Thanks, @jbuhler. It looks like the spitfire installer works in three phases:

download .part files
assemble into .lm files
"unzip" .lm files into vi folders/files
Unfortunately, there's no way to pause at the specific inflection points above, so the 250GB drive runs out of space partway through step 3. If a drive has 200GB of space, it runs out partway through step 2. Worse, when you free up space and re-run the installer, it ignores the install path that you selected and tries to start over from scratch with step 1 in whatever the default location is. If you get partway through step 3, the installer will terminate and will act in the future like the entire lib has been installed, even though many of the files are zero bytes.

It would seem that the installer does not really handle any exceptions well and doesn't offer much control. It's really a no-brainer to download in one location and allow for install in another...


----------



## jbuhler (Aug 6, 2020)

Yes, the SF downloader is not always informative and it doesn’t remember where you last downloaded. It sounds like you need a drive with more space. I usually do my downloads to a cheap spinning hard drive and then transfer to an SSD. And the downloader is unhelpful when you run into issues.


----------



## ism (Aug 6, 2020)

It's conceivable that you might be able to hack it - check with spitfire support.
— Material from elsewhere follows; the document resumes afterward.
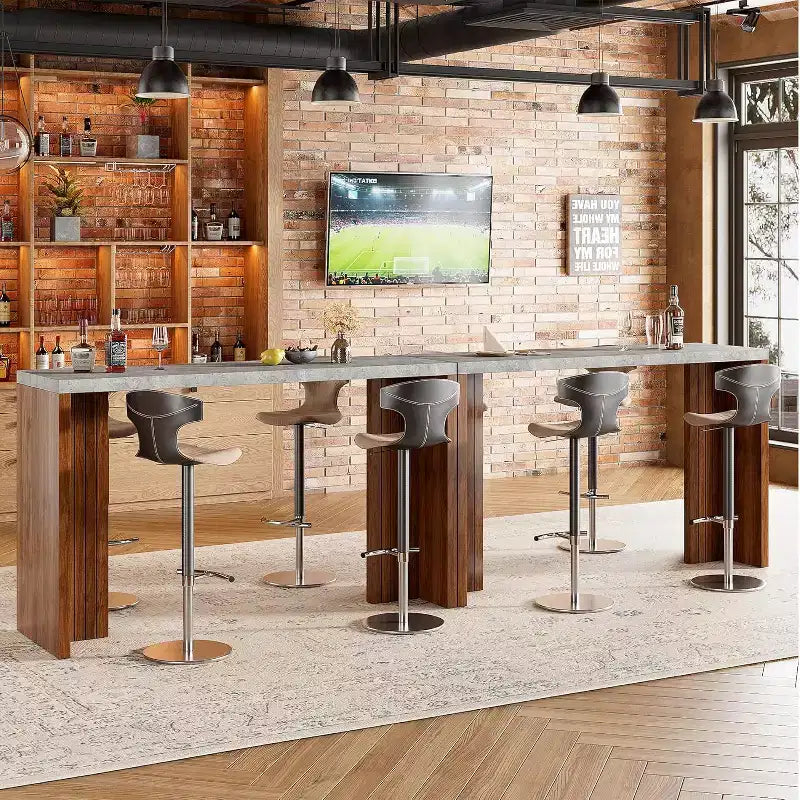 Table de bar 55", Table de bistrot hauteur comptoir industrielle avec plateau en faux marbre, Meuble de bar rectangulaire pour cuisine, salle à manger, capacité de 300 lb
But note that the requirements of the library from the website are:


"293.20 GB DISK SPACE REQUIRED DURING INSTALL"
What would be easier is to just borrow someone's 500G drive, download to there, then copy to your own 250.


----------



## bradbecker (Aug 7, 2020)

Thanks for the responses. Good news: I got it. For posterity, here's how I did it:
I ran the download until it had everything downloaded, merged into the .lm files and started the unzipping process. When it started unzipping the files into the Samples folder (by the largest part), I copied the files it was done with over to the destination drive. In this way, I never overfilled the download drive and just manually moved everything to the destination drive and registered the Kontakt library there.


----------